Fears that a fire on a Boeing 787 at Heathrow last Friday could provoke wide concern among passengers appear unfounded.
Heathrow’s runways were closed after smoke filled a parked Ethiopian Airlines Dreamliner. The UK Air Accident Investigation Branch subsequently reported “extensive heat damage” in part of the rear fuselage.
By coincidence, a Thomson Airways 787 bound for Orlando the same day turned back because of a technical problem soon after take-off from Manchester. The incidents were linked in media reports.
Thomson’s long-haul 787 operation only began last week. The world’s Dreamliners returned to the air in May after being grounded for three months because of a risk of its batteries overheating.
Thomson Holidays’ Facebook page drew comments from nervous fliers, with one saying: “I don’t want to fly on that plane.” But
Thomson stressed: “We’ve not seen any increase in call volume.”

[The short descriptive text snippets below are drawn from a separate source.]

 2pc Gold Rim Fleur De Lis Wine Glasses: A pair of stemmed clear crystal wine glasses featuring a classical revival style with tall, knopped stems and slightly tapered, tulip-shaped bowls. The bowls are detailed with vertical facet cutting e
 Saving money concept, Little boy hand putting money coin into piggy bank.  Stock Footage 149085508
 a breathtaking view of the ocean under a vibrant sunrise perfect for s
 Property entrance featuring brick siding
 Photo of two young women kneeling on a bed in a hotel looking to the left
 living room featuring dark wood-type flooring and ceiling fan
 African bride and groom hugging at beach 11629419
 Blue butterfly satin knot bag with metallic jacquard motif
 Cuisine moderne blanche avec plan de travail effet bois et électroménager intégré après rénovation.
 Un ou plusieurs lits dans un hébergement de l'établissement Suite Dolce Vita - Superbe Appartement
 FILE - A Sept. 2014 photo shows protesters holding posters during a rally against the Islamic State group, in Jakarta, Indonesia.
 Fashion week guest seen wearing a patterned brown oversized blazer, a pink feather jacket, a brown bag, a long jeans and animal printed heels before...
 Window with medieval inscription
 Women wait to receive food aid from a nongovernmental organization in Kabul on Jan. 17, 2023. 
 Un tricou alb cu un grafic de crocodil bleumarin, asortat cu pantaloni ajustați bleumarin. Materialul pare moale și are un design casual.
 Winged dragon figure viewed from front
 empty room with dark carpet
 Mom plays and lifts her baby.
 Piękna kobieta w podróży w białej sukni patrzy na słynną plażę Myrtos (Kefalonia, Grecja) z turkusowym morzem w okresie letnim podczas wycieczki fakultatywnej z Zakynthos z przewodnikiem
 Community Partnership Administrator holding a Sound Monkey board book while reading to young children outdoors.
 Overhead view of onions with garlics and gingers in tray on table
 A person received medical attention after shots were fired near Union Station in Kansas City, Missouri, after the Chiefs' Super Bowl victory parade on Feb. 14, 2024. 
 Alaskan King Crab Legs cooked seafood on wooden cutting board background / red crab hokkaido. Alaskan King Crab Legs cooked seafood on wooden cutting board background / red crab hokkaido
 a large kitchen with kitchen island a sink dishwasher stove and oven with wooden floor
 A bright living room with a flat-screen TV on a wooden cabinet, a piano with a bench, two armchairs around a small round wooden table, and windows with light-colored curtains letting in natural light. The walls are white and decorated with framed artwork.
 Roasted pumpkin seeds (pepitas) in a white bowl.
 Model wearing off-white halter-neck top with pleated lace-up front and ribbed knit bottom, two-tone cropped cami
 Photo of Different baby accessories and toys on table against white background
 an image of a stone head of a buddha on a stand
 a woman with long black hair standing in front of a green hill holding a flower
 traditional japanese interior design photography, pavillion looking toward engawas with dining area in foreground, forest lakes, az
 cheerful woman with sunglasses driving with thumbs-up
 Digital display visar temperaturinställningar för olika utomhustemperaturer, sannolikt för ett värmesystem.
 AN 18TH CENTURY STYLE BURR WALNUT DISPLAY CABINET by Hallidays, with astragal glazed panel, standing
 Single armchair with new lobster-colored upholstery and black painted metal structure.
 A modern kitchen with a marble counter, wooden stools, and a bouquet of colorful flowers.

Agents also reported no evidence of customer concern. Emma Palfry, sales consultant at Miss Ellies Travel in Manchester, said: “People are not worried about it.”
Investigators announced “no evidence” of the Ethiopian aircraft’s batteries being to blame and appeared to focus on an emergency transmitter which is not specific to the Dreamliner.
Thomson declined to identify the cause of its 787 turning back but said: “None of the parts replaced were battery related.”
British Airways took delivery of its first 787s last month and a spokesman said: “We’ve every intention of putting them into service on September 1.”